Matthew Ingram vs. Tom Standage: The Economist’s Digital Strategy Considered Harmful

If The Economist is going to add value for society, it will have to become a trusted information intermediary, rather than just seem to be a trusted information intermediary. It may survive, and it may return healthy profits to its conglomerate owners and lavish salaries to its workers if it seems to be a trusted information intermediary, but, really, is that the point?

Does Matthew Ingram and I cannot be the only people who are deeply alarmed at the internet strategy that the very sharp Tom Standage has just outlined for the Nieman Journalism Lab. If you focus on becoming a trusted information intermediary, you may well make it. If you just focus on seeming to be a trusted information intermediary, you surely will not make it.

Matthew Ingram: The Economist wants to give you a sense of completeness, even if that’s an illusion — Medium: “There’s a great interview over at the Nieman Journalism Lab with Tom Standage, deputy editor for digital at The Economist

The Economist wants its audience to feel like they have learned whatever they need to know about a topic by reading its coverage, regardless of what format it appears in:

We sell the antidote to information overload–we sell a finite, finishable, very tightly curated bundle of content…. The promise we make to the reader is that if you trust us to filter and distill the news, and if you give us an hour and a half of your time, then we’ll tell you what matters…

What the Economist is selling is an illusion…. But that illusion can be very powerful, and very appealing…. There’s something very satisfying about… thinking ‘Okay, I’m done now.’… The Economist doesn’t link out to either other media outlets or even external websites in its digital offerings…. Linking to other websites or sources of information would ruin the illusion of completeness… readers would be worried that they weren’t being completely informed. So the magazine doesn’t do it. [Standage:]

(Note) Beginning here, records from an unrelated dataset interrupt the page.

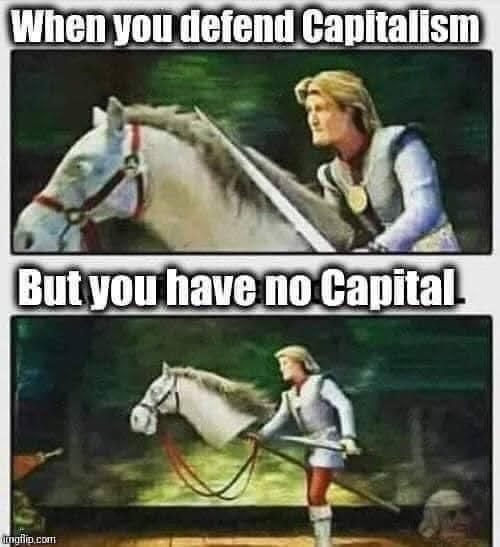 Top: Prince riding a horse into battle. "When you defend capitalism" 

Bottom: Zoom out, the horse is actually a stick horse. "But you have no capital"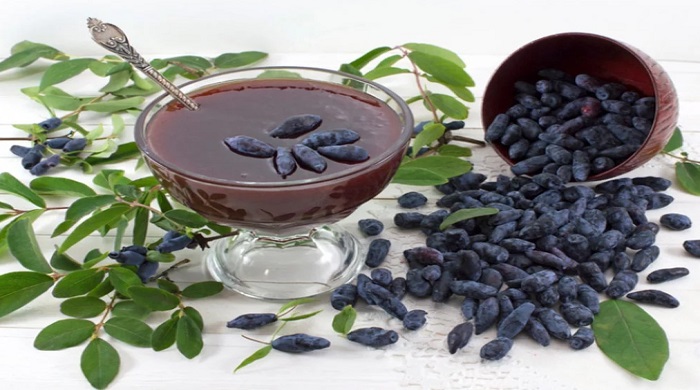 Image with missing alt attribute found on leadinlife.info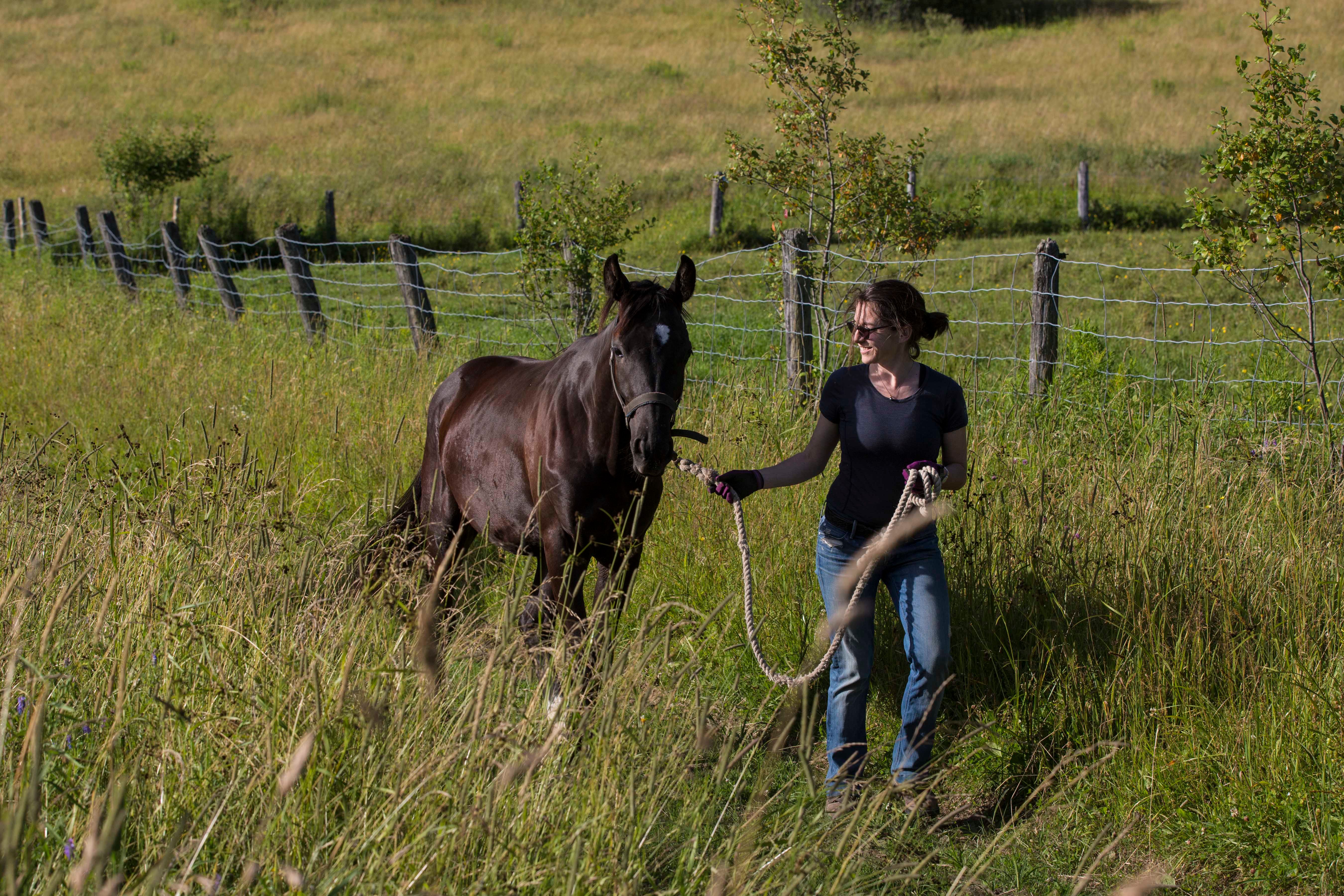 Woman walking horse on grassy field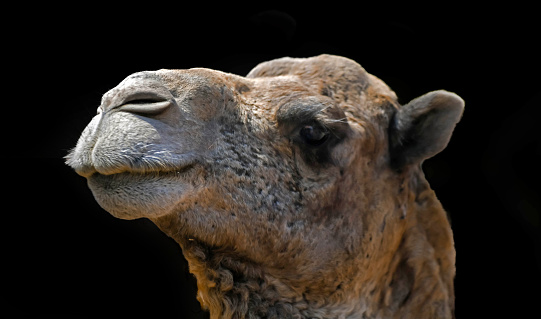 Funny close-up portrait of a camel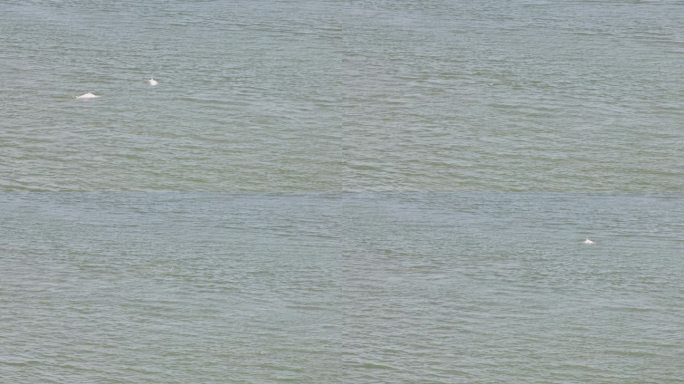 航拍白海豚畅游九龙江入海口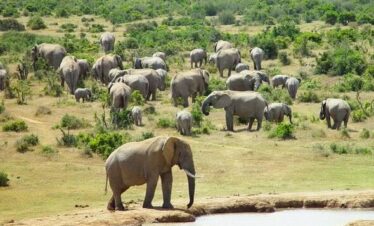 Chobe Day Trip
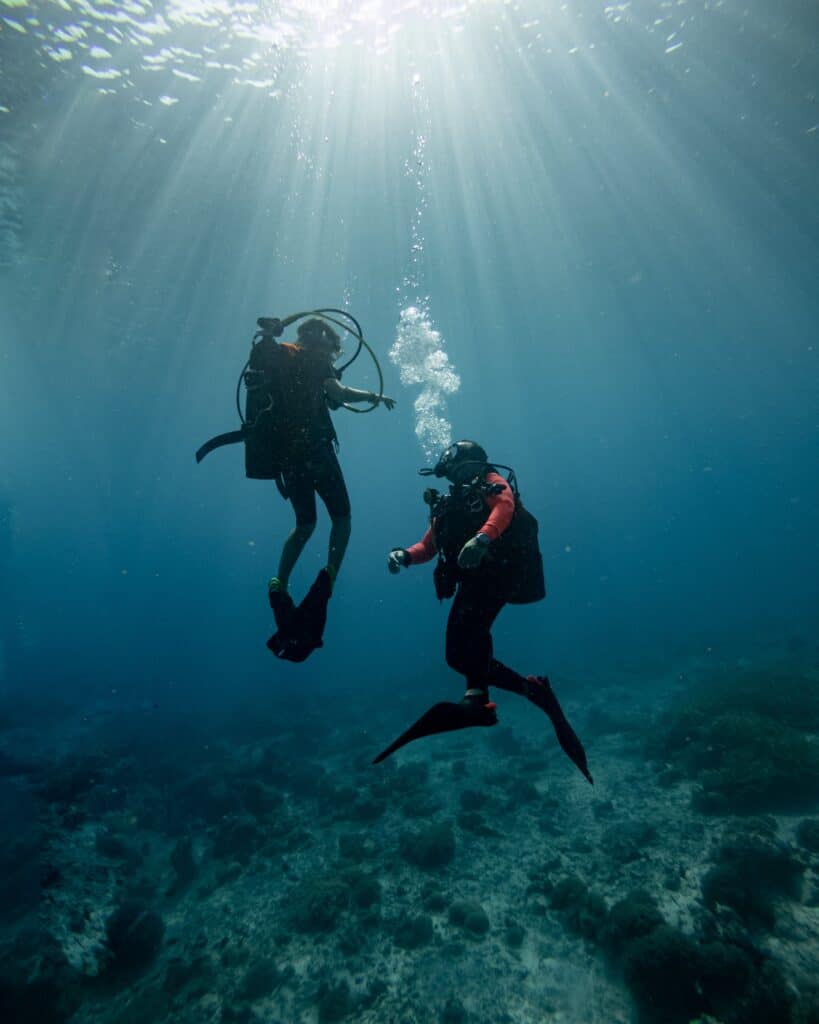One dive photo shoot (Bonaire)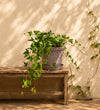 English Ivy Trio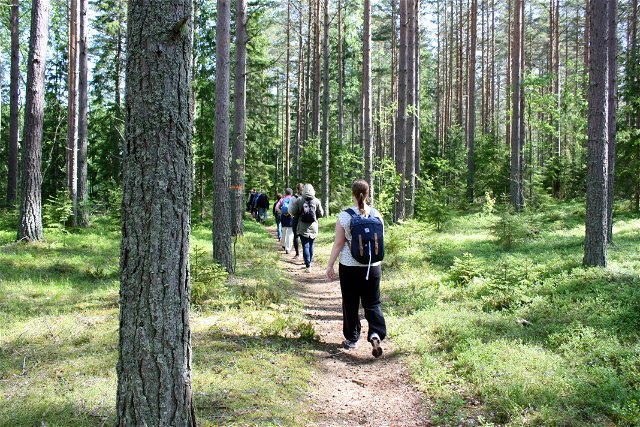 The Uppland Trail, section 16, 13 km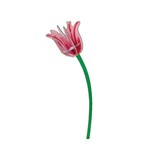 Studio Roof Studio Roof - decoratie bloemen - pink tulip Studio Roof Studio Roof - decoratie bloemen - pink tulip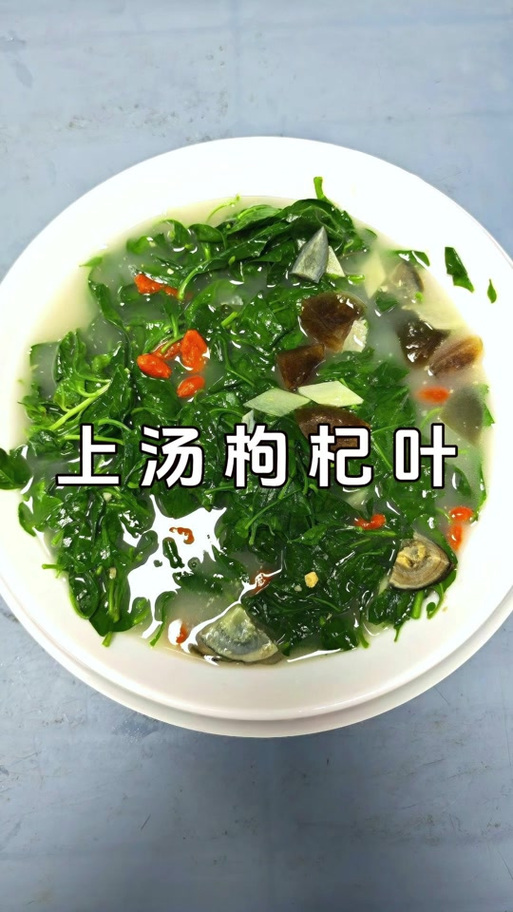 广东枸杞叶的功效与作用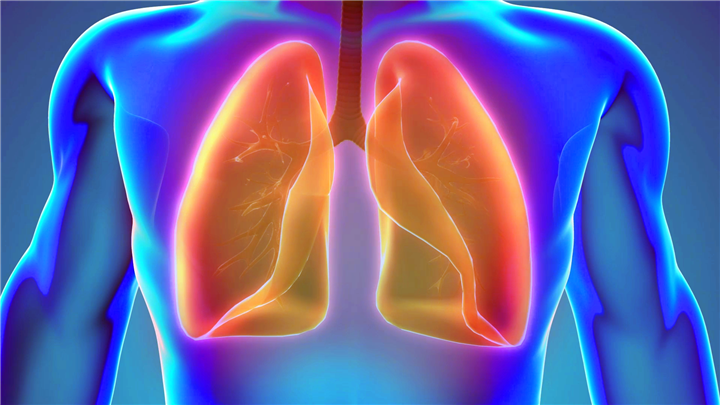 医学3D动画演示-人体肺器官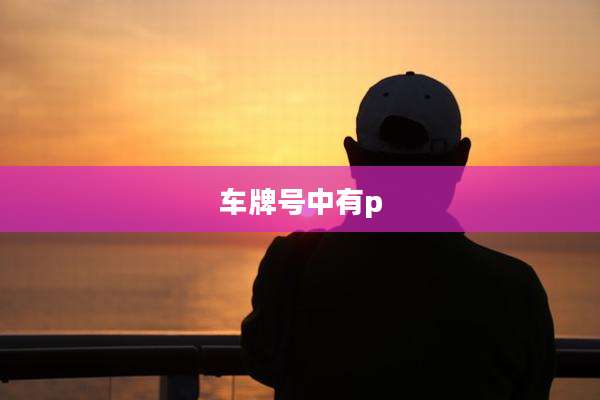 车牌号中有p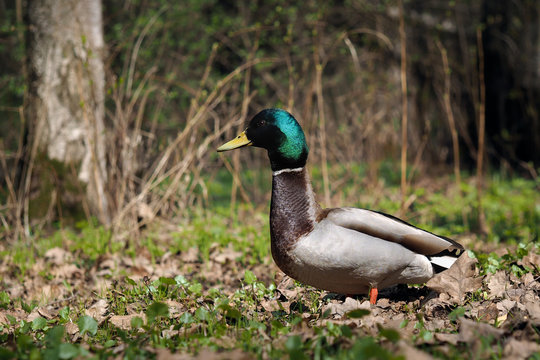 Duck drake walks in the woods. Spring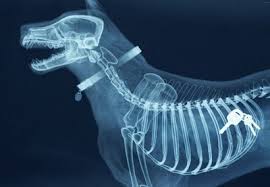 Редкие рентгенологические находки в брюшной полости и/или грудной полости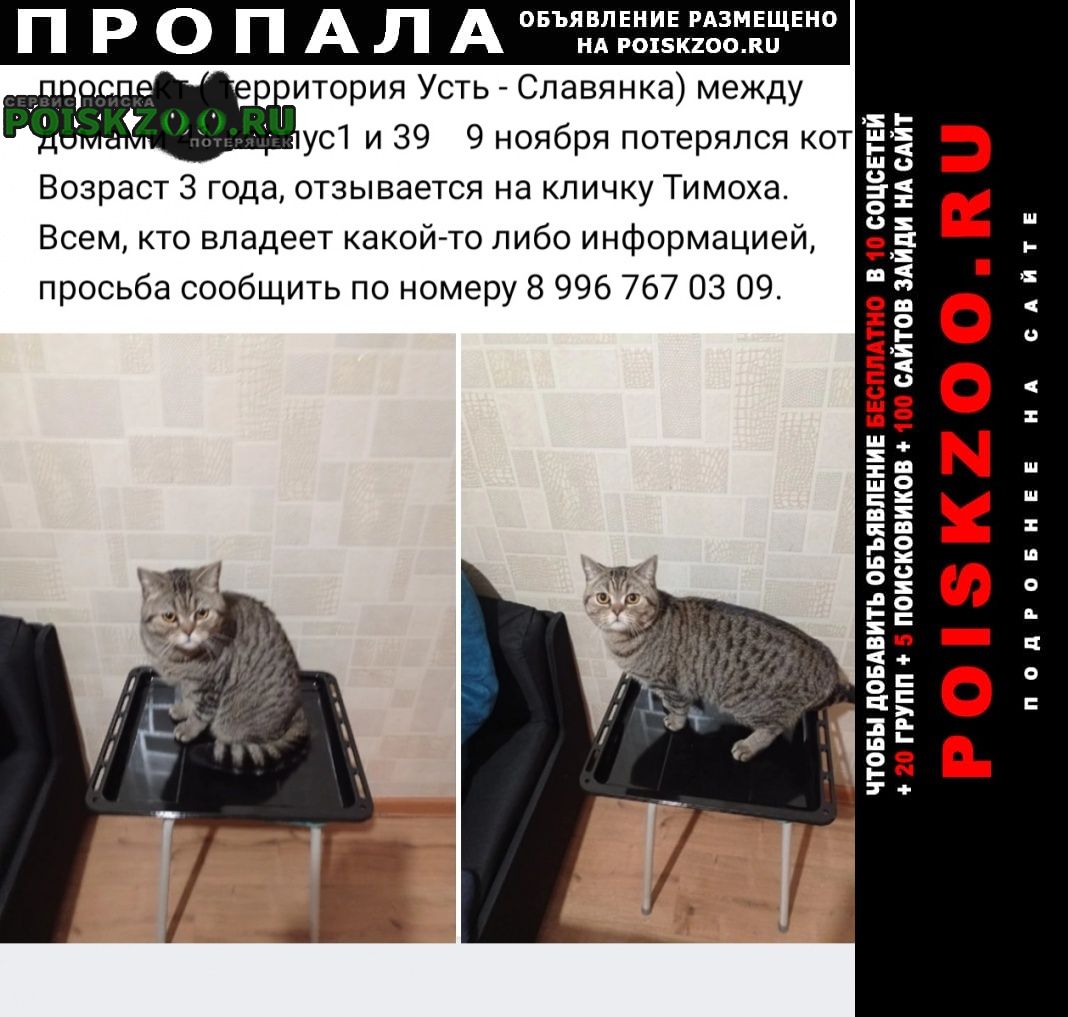 Пропал кот пожалуйста помогите найти Санкт-Петербург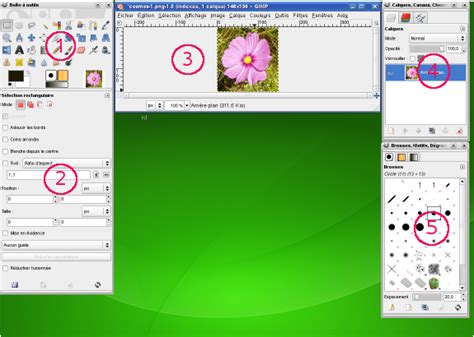 Capture d'écran de l'interface de GIMP montrant la boîte à outils et le panneau des calques.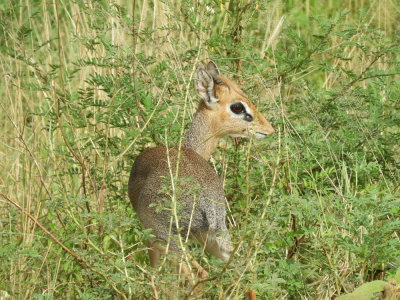 BarrettDSCN7165_Kirk's Dik Dik.JPG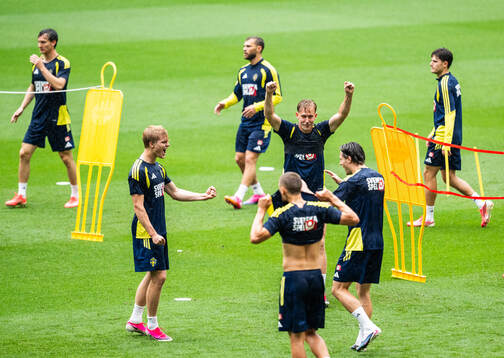 Herman Johansson of the Swedish national football team at a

Another aspect of it is that we don’t do links…. If you want… links you can… go on Twitter and get as many as you like. But the idea was everything that you need to know is distilled into this thing that you can get to the end of, and you can get to the end of it without worrying that you should’ve clicked on those links…. We’ve clicked on the links already…. We’ve decided what’s interesting…

I’m not sure I can agree with Standage on his approach. I understand why it makes for a saleable product for The Economist…. But… it leaves… out… something critically important… the ability to check, verify, expand on and test the assumptions in a particular piece…

Besides, in my experience there are few things more annoying than having a discussion with someone has read 1000 words in The Economist, has had its authoritative tone trigger his Dunning-Kruger effect, and really does sincerely believe that now he knows it all.